A faithful repeat of all the records, with no image kept, is the required answer.

━━━ Given data ━━━

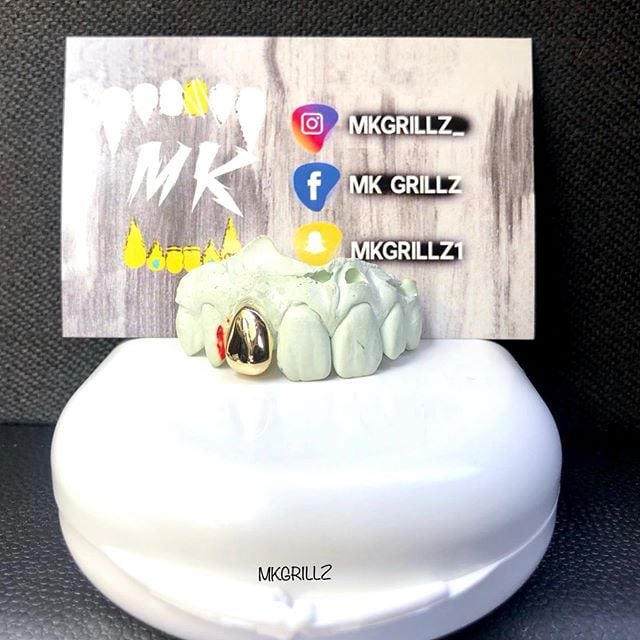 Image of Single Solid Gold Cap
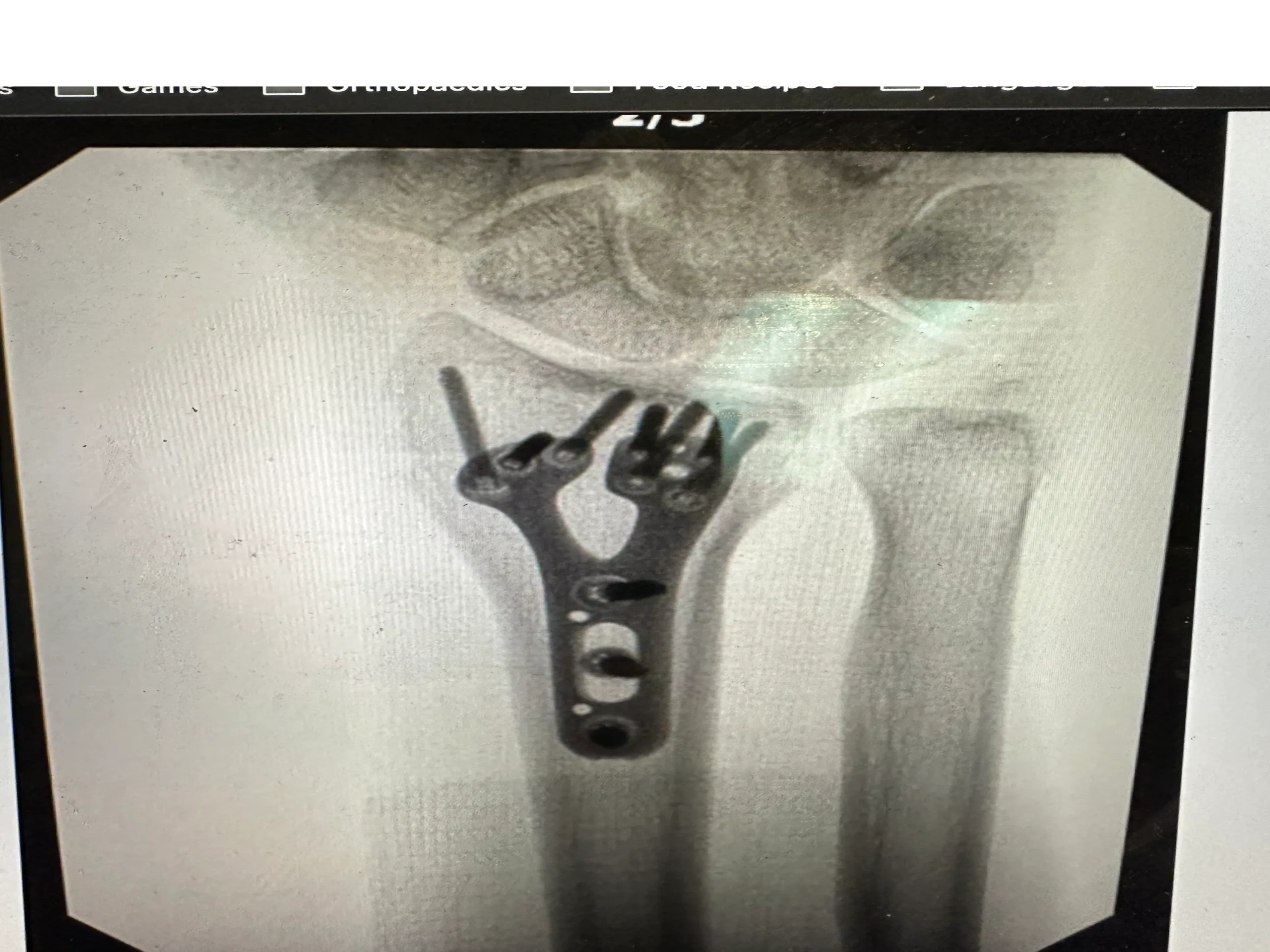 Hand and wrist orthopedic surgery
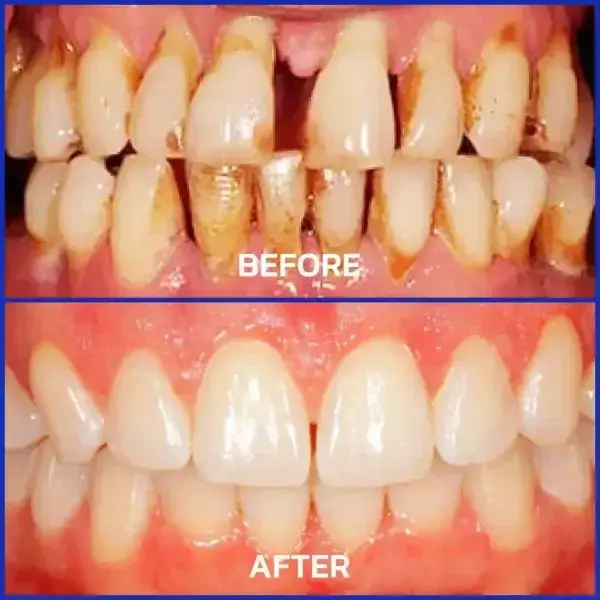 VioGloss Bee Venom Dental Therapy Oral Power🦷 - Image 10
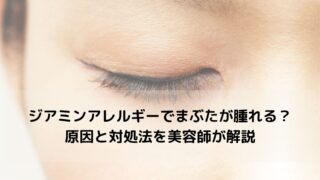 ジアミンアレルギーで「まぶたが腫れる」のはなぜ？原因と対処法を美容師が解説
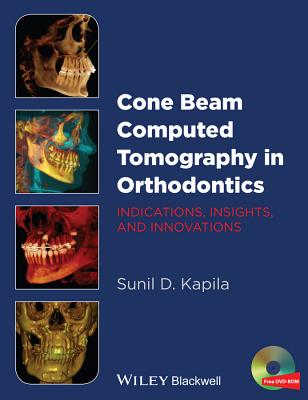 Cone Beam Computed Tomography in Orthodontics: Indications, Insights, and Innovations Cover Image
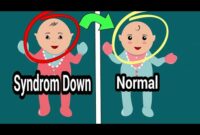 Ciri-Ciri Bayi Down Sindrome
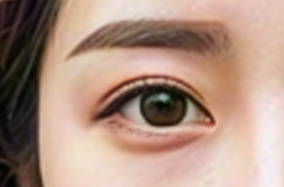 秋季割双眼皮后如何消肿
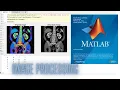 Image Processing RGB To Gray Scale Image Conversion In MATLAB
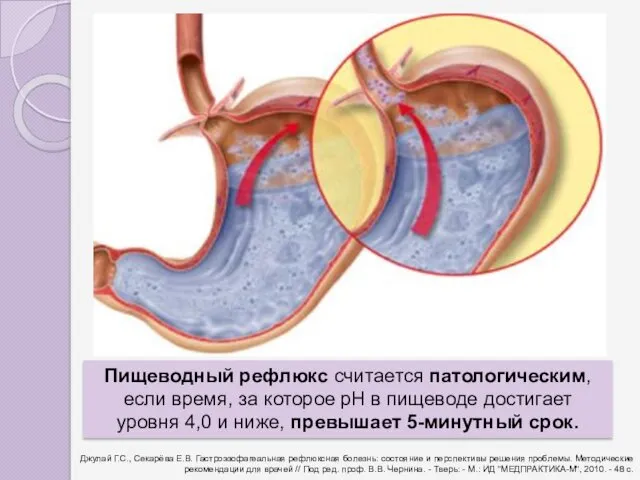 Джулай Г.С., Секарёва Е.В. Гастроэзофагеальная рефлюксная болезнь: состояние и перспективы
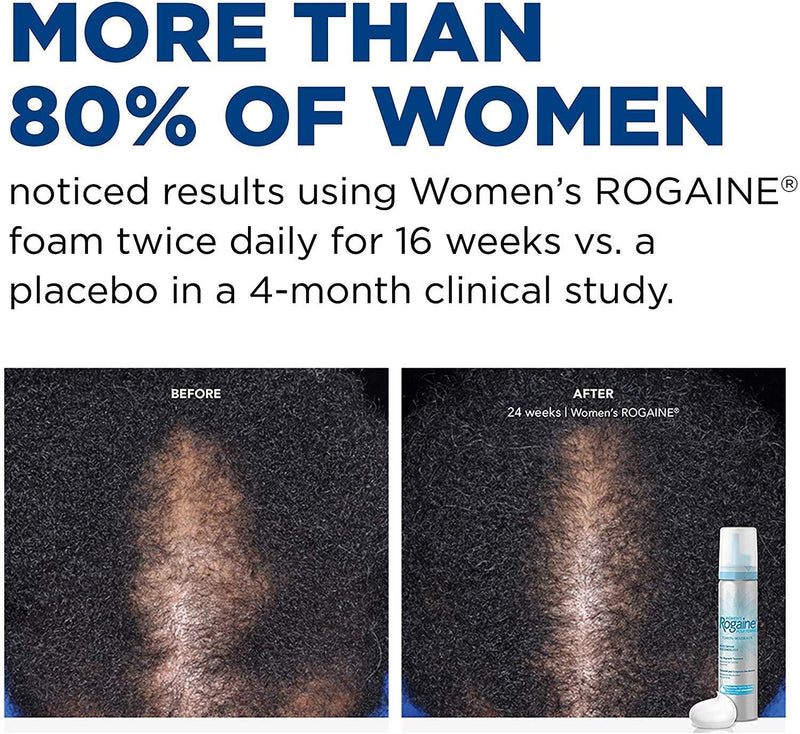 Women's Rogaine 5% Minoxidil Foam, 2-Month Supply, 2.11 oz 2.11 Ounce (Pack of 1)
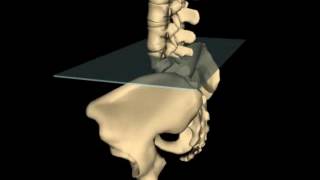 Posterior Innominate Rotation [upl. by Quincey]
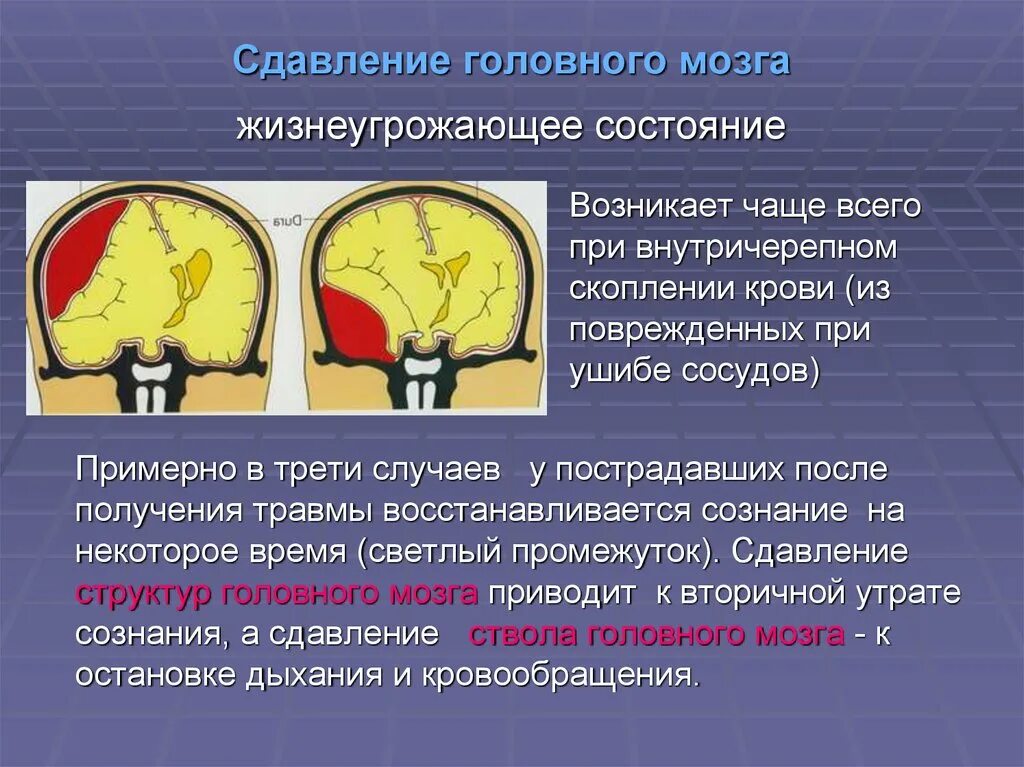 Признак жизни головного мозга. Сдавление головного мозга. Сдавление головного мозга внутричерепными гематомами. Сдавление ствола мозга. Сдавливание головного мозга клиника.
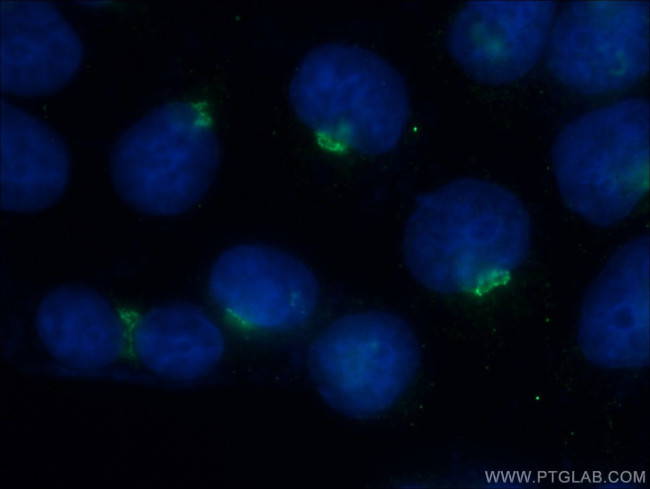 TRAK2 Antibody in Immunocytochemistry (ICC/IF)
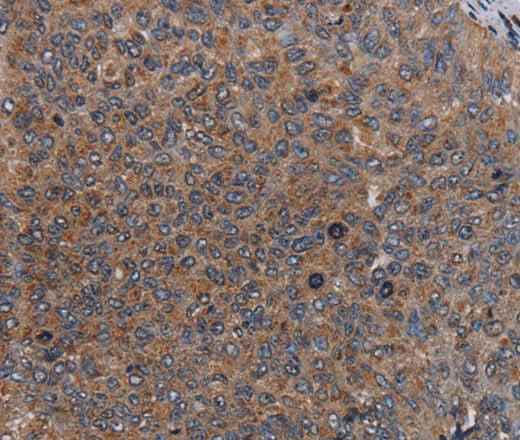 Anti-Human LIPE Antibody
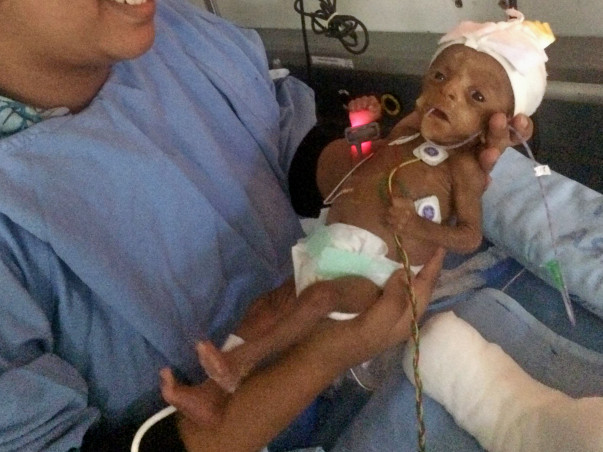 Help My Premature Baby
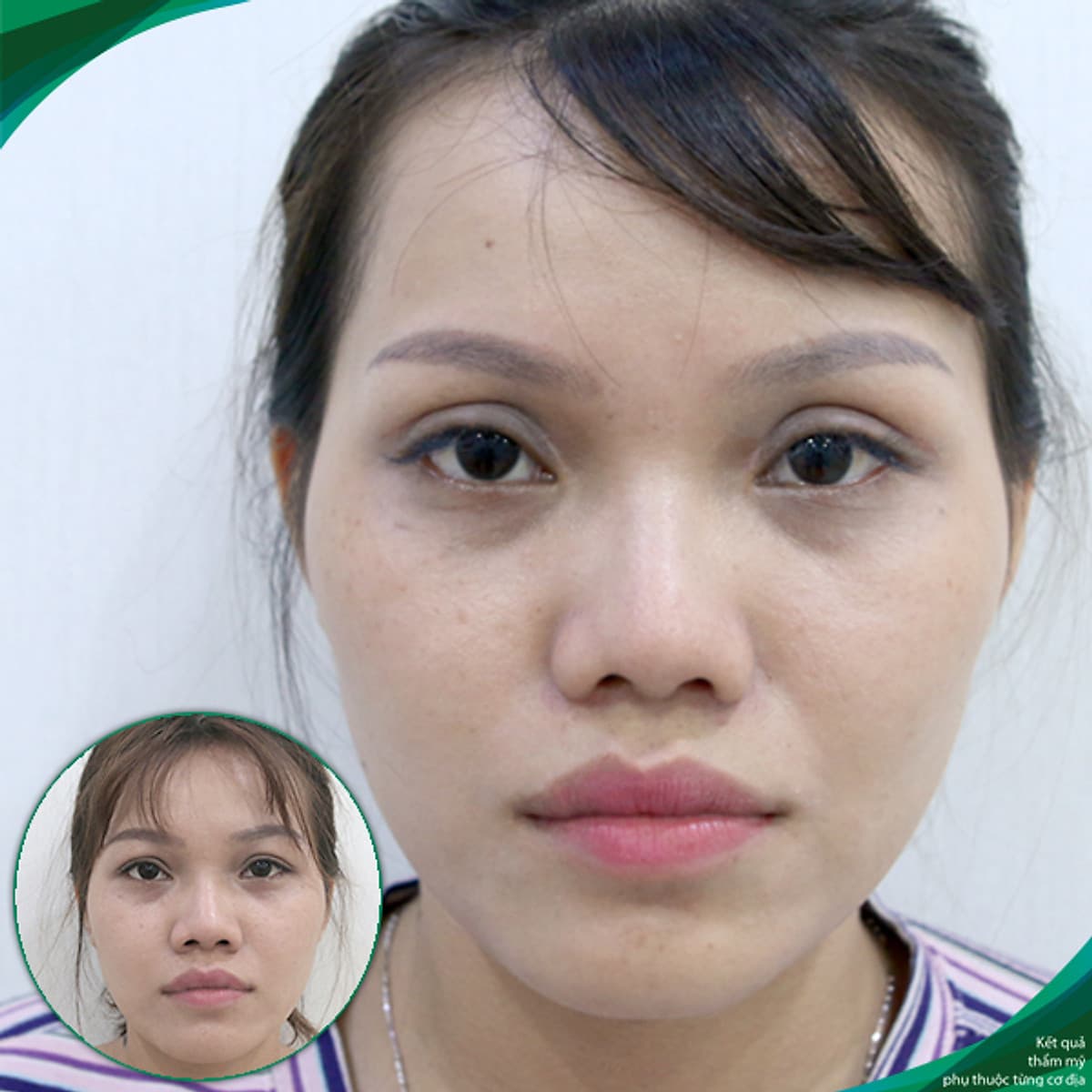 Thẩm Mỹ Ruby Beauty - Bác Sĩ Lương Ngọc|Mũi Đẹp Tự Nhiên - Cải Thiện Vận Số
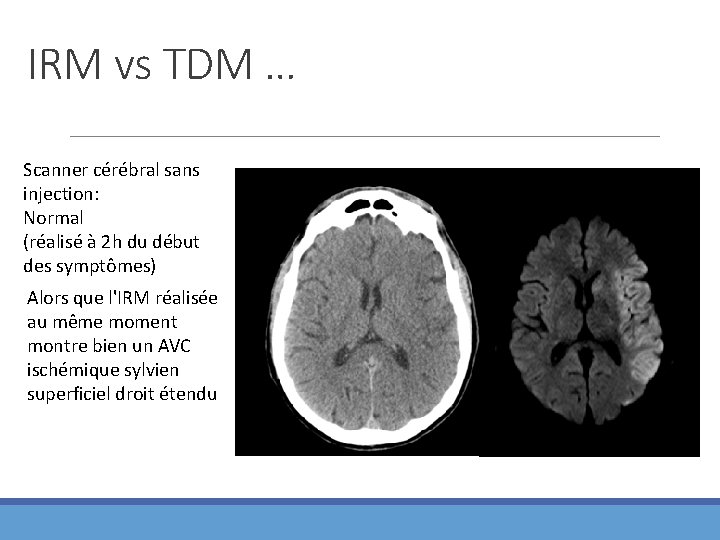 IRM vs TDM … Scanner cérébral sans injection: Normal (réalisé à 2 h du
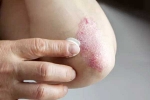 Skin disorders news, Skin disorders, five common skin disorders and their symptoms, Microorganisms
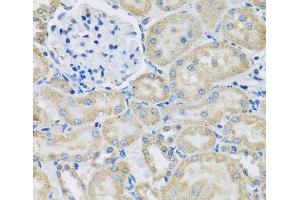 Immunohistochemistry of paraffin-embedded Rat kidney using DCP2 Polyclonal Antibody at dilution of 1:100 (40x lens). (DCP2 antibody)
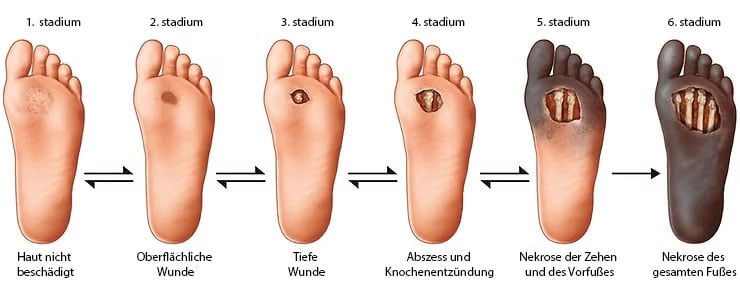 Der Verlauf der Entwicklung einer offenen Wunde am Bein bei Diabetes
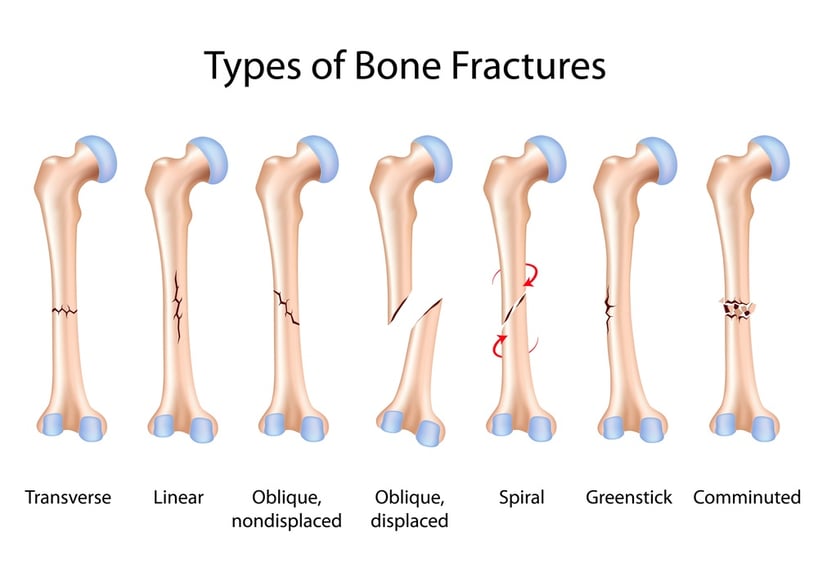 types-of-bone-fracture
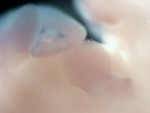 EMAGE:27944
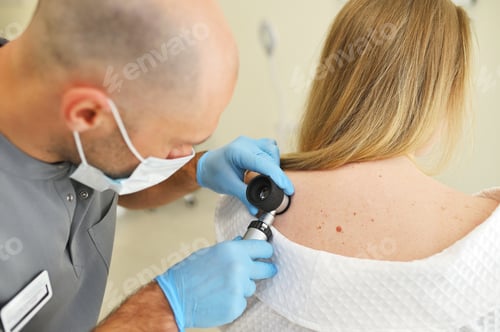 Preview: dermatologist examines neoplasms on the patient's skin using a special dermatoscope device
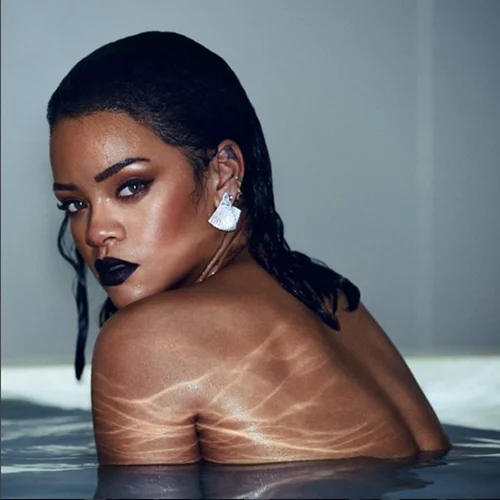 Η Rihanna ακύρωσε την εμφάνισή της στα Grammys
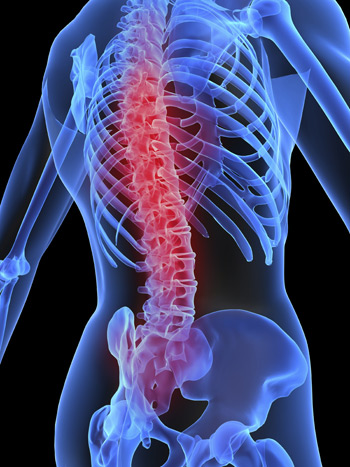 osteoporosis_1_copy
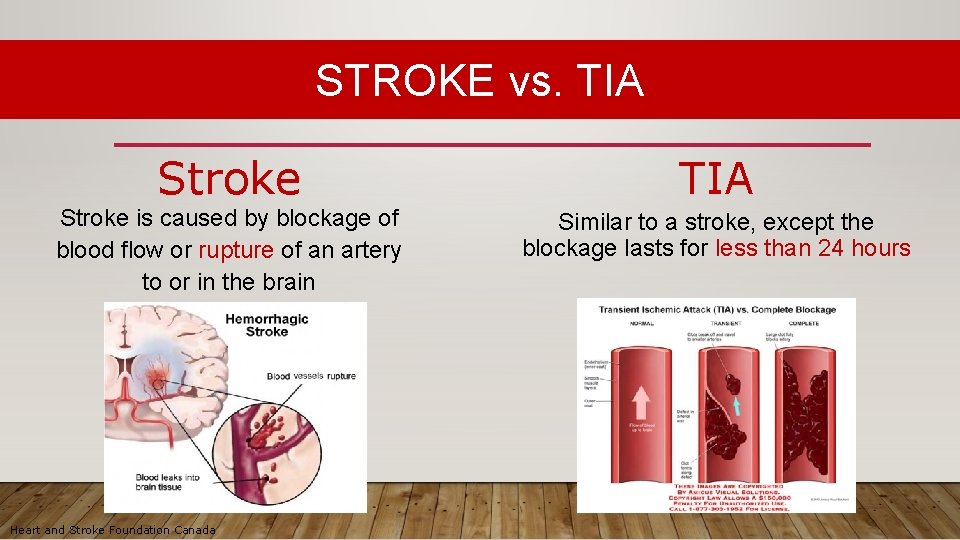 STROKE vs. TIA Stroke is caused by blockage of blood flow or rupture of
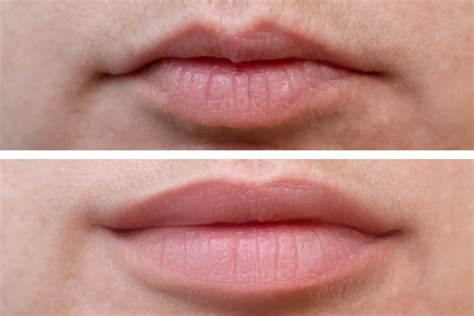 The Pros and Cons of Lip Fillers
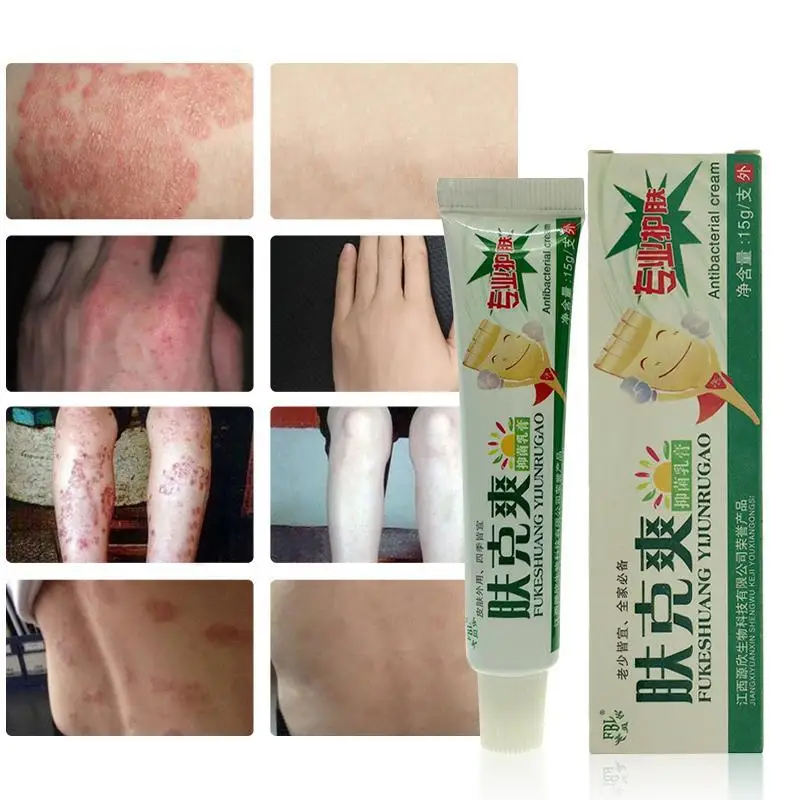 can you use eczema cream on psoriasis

━━━

▶ **Solution**:
 Image of Single Solid Gold Cap
 Hand and wrist orthopedic surgery
 VioGloss Bee Venom Dental Therapy Oral Power🦷 - Image 10
 ジアミンアレルギーで「まぶたが腫れる」のはなぜ？原因と対処法を美容師が解説
 Cone Beam Computed Tomography in Orthodontics: Indications, Insights, and Innovations Cover Image
 Ciri-Ciri Bayi Down Sindrome
 秋季割双眼皮后如何消肿
 Image Processing RGB To Gray Scale Image Conversion In MATLAB
 Джулай Г.С., Секарёва Е.В. Гастроэзофагеальная рефлюксная болезнь: состояние и перспективы
 Women's Rogaine 5% Minoxidil Foam, 2-Month Supply, 2.11 oz 2.11 Ounce (Pack of 1)
 Posterior Innominate Rotation [upl. by Quincey]
 Признак жизни головного мозга. Сдавление головного мозга. Сдавление головного мозга внутричерепными гематомами. Сдавление ствола мозга. Сдавливание головного мозга клиника.
 TRAK2 Antibody in Immunocytochemistry (ICC/IF)
 Anti-Human LIPE Antibody
 Help My Premature Baby
 Thẩm Mỹ Ruby Beauty - Bác Sĩ Lương Ngọc|Mũi Đẹp Tự Nhiên - Cải Thiện Vận Số
 IRM vs TDM … Scanner cérébral sans injection: Normal (réalisé à 2 h du
 Skin disorders news, Skin disorders, five common skin disorders and their symptoms, Microorganisms
 Immunohistochemistry of paraffin-embedded Rat kidney using DCP2 Polyclonal Antibody at dilution of 1:100 (40x lens). (DCP2 antibody)
 Der Verlauf der Entwicklung einer offenen Wunde am Bein bei Diabetes
 types-of-bone-fracture
 EMAGE:27944
 Preview: dermatologist examines neoplasms on the patient's skin using a special dermatoscope device
 Η Rihanna ακύρωσε την εμφάνισή της στα Grammys
 osteoporosis_1_copy
 STROKE vs. TIA Stroke is caused by blockage of blood flow or rupture of
 The Pros and Cons of Lip Fillers
 can you use eczema cream on psoriasis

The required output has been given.